Dengan menolak mengesahkan hasil Munas Bali, sama artinya
pemerintah sengaja mempersulit legalitas kepengurusan Partai Golkar hasil
Munas Bali 2014-2019. Karena legalitas kepengurusan terus dibiarkan
bermasalah oleh pemerintah, kader Golkar berhak untuk curiga bahwa pemerintah
ingin menghancurkan partai berlambang pohon beringin ini dengan cara
memelihara konflik internal. Segenap kader Golkar di seluruh penjuru negeri
pasti akan melakukan perlawanan jika diperlakukan seperti itu.

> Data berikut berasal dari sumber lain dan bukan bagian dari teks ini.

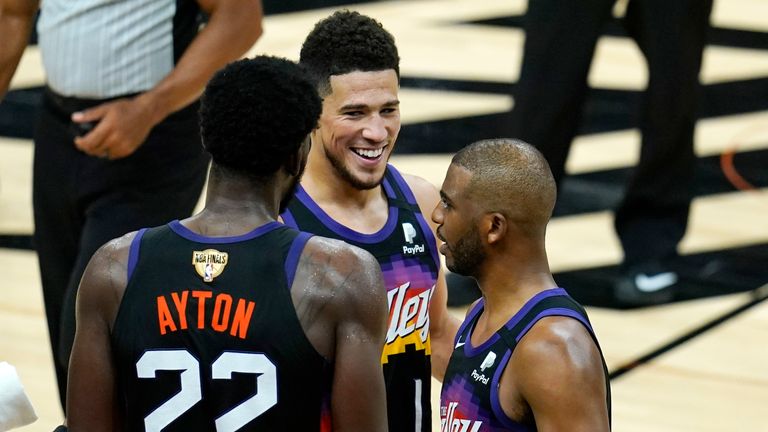 Deandre Ayton, Devin Booker and Chris Paul during Game 1 of the NBA Finals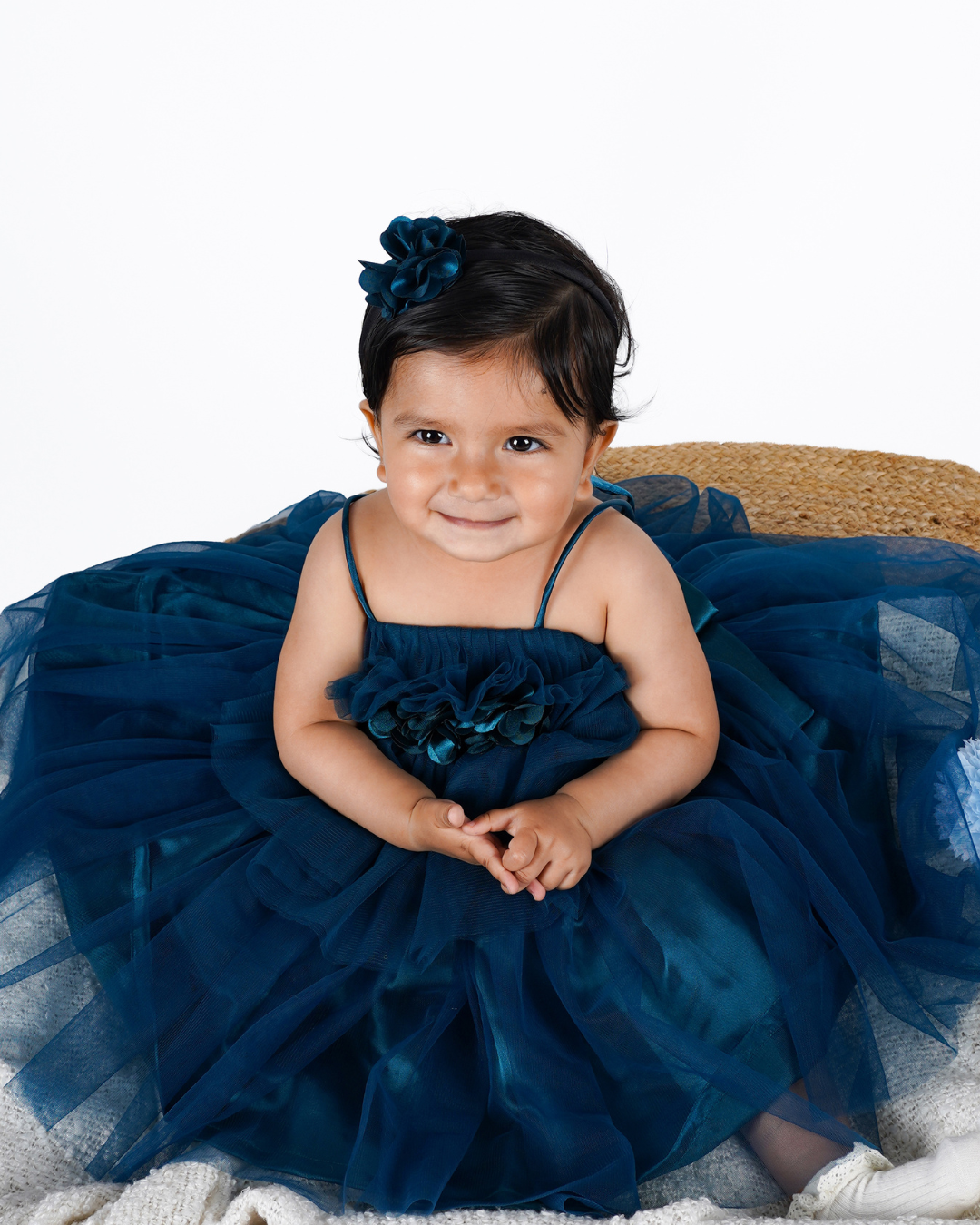 Toddler wearing the Faye Teal Green Asymmetric Dress with a floral headband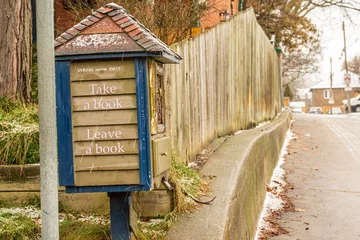Poster Take a book. Leave a book: free book exchange box (hand made) on a residential street shot on a wet winter day in the toronto beaches neighbourhood room for text © Michael Connor Photo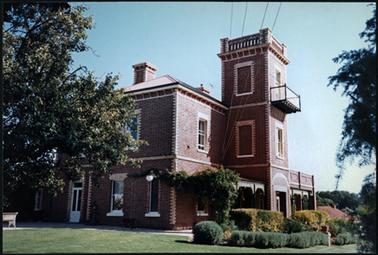 A side view of Sutton Grange, the house is two storey with a one level concave roof, verandah abutting the square tower the main roof is hipped, established lawns and gardens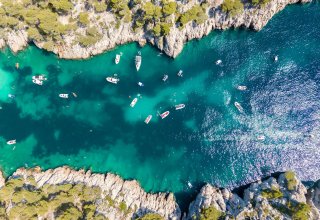 Calanque de Port Pin A birds-eye view of Calanque Port Pin. The sea is many shades of turquoise, there are boats in the sea, and the sea is surrounding by rocks and shrubs on either side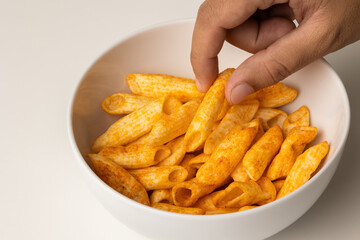 Crispy penne pasta shaped salty. Fast food or junk food snacks unhealthy concept.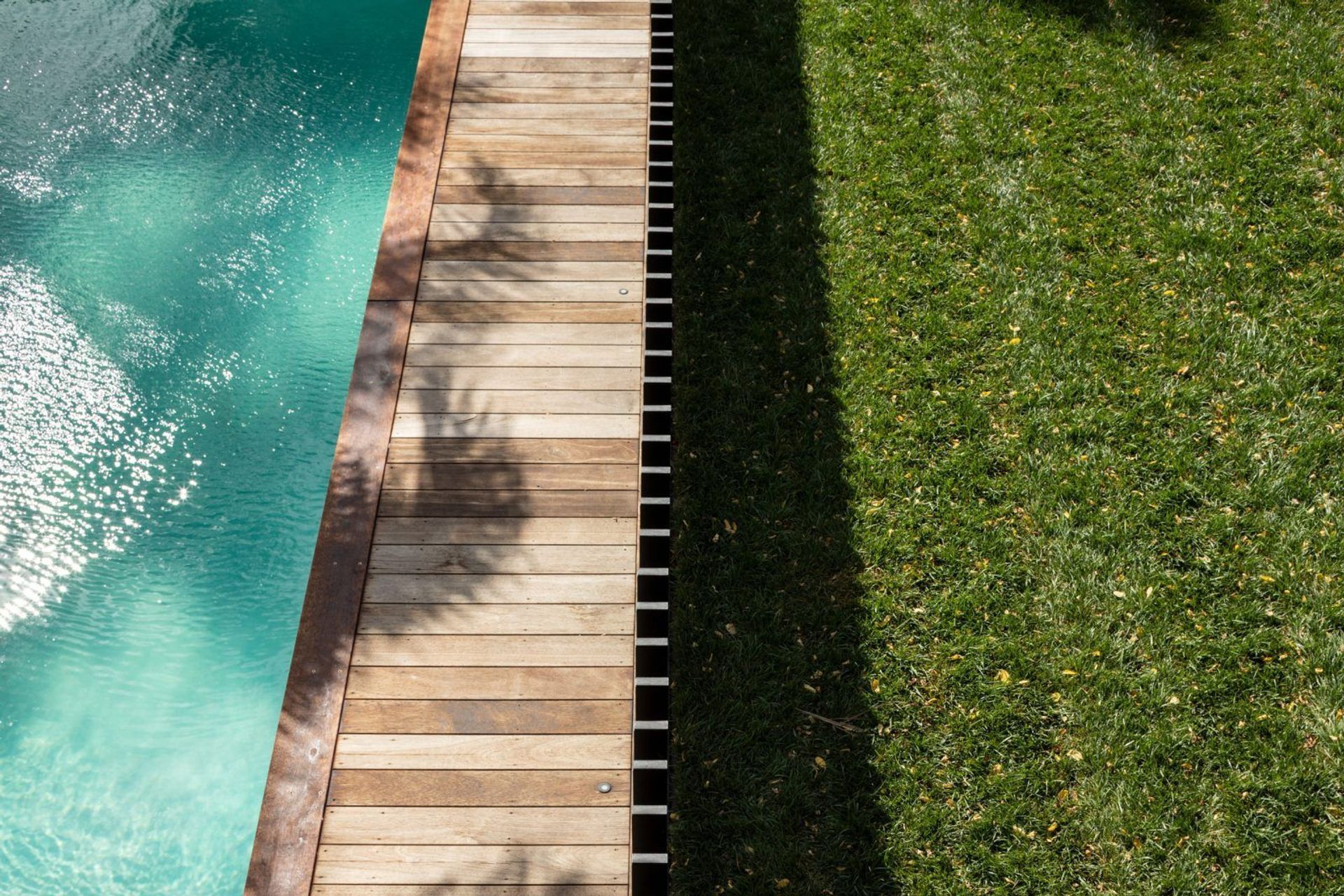 The home now directly connects to the backyard pool.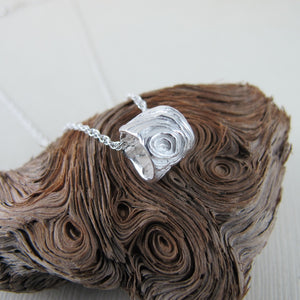 Driftwood imprinted infinity bead necklace from Mystic Beach, Vancouver Island - Swallow Jewellery
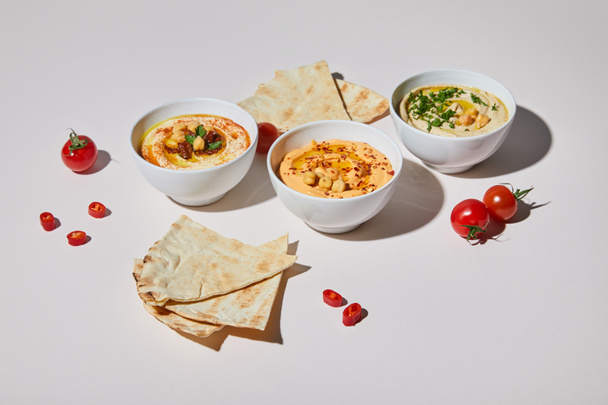 Bowls with hummus, ripe vegetables and pita bread on grey background - Foto, immagini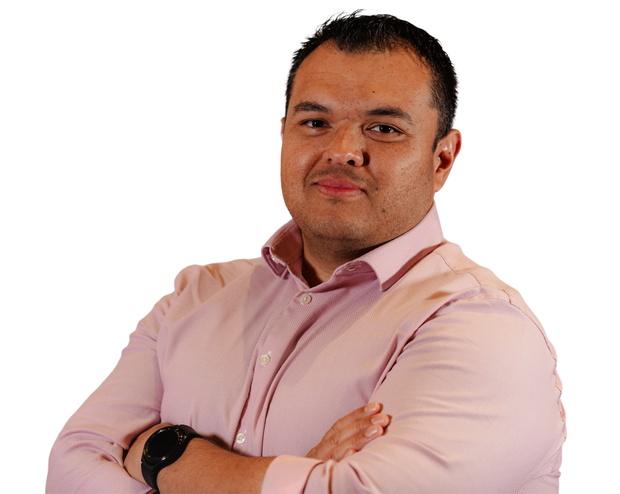 A man in a pink shirt with his arms crossed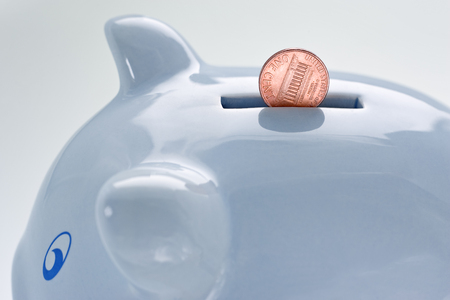 blue piggy bank and a coin falling in it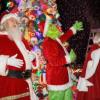 The Grinch and Clauses wave to the crowd in front of the buoy tree. Photo by Michael T. Morris Photography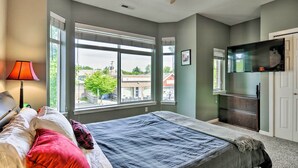 A bedroom with a bed, a desk, a lamp, a TV, and large windows. - Modern Vancouver Townhome - Right on Main St! (Vancouver)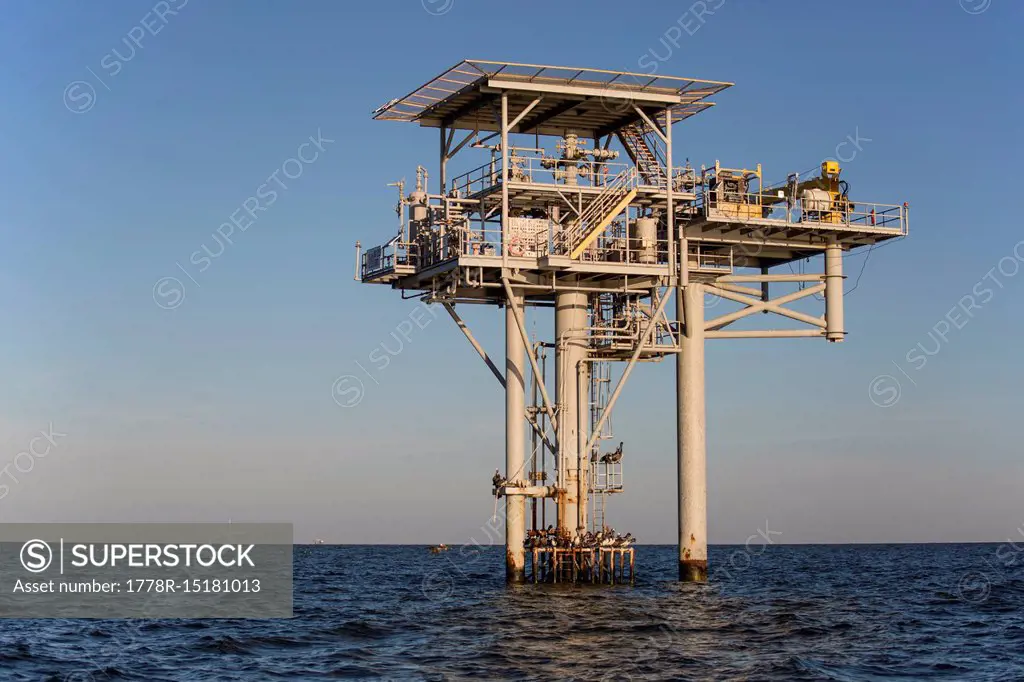 Oil platform against clear sky at dawn, Lake Charles, Louisiana, USA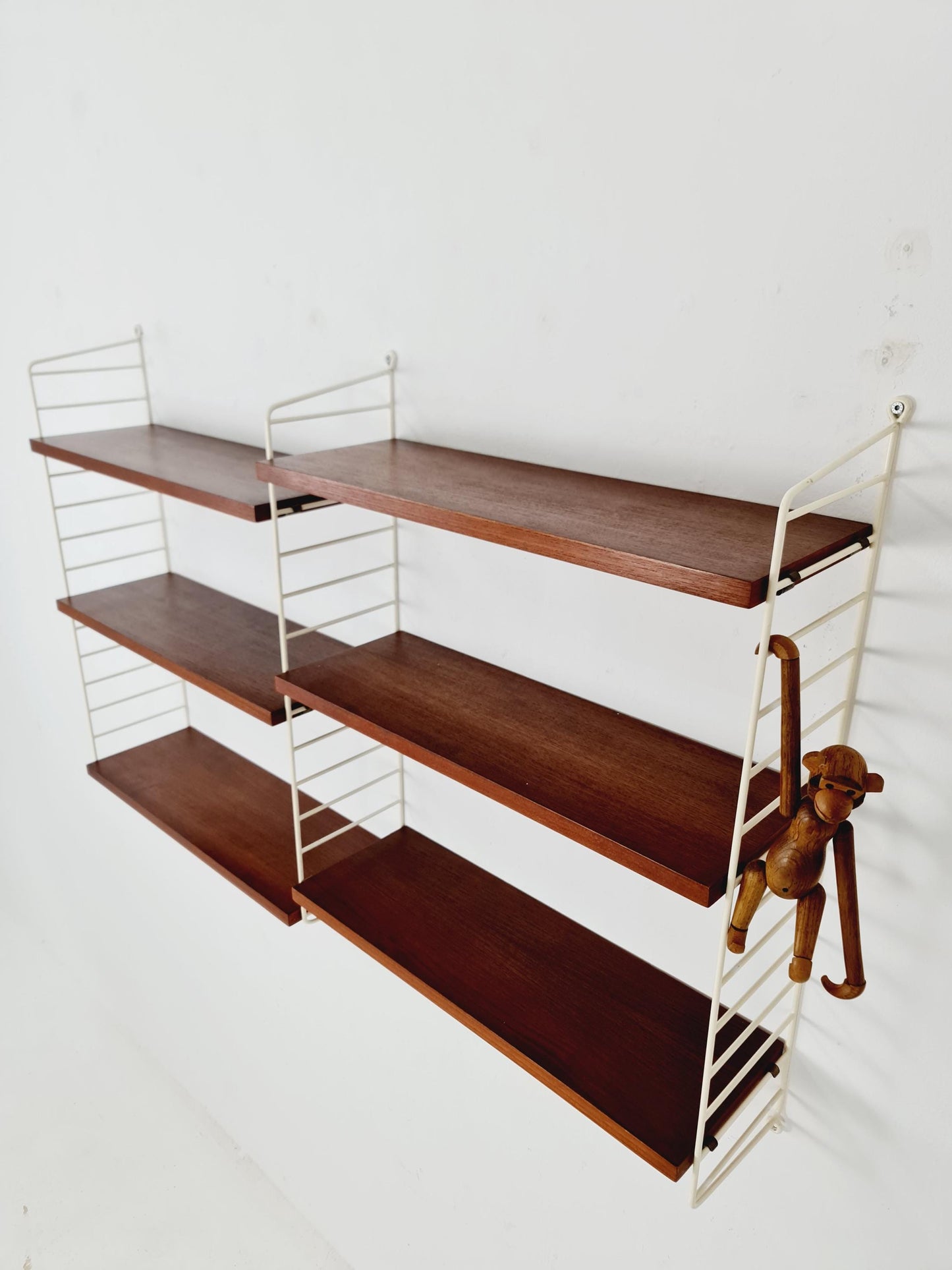 Original MCM Teak shelving system - consists of white lacquered metal ladders, from string Stockholm 1960s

Konsekuensi logis dari perlawanan kader Golkar adalah kegaduhan
di panggung politik. Jangan salahkan mereka, karena pemerintahlah yang
menyulut kegaduhan itu. Sebelum kegaduhan itu terjadi, pemerintah harus
berhenti memusuhi Partai Golkar. Tidak ada yang perlu ditakutkan dari partai
ini. Sudah berulang kali ditegaskan bahwa Partai Golkar akan selalu mengawal
dan mengamankan pemerintahan Presiden Joko Widodo-Wakil Presiden Jusuf Kalla
sejalan dengan periode kepemimpinan mereka hingga 2019.
Dalam konteks itu, Golkar hanya akan bersifat kritis yang
tujuannya mengingatkan, bukan menjatuhkan. Sudah terbukti bahwa dalam
beberapa persoalan, Partai Golkar membantu presiden dengan sumbangan pikiran
yang sangat bermakna. Konstruksi persoalan internal Partai Golkar sudah
sangat jelas. Bahkan kejelasan itu sudah diperkuat melalui proses hukum.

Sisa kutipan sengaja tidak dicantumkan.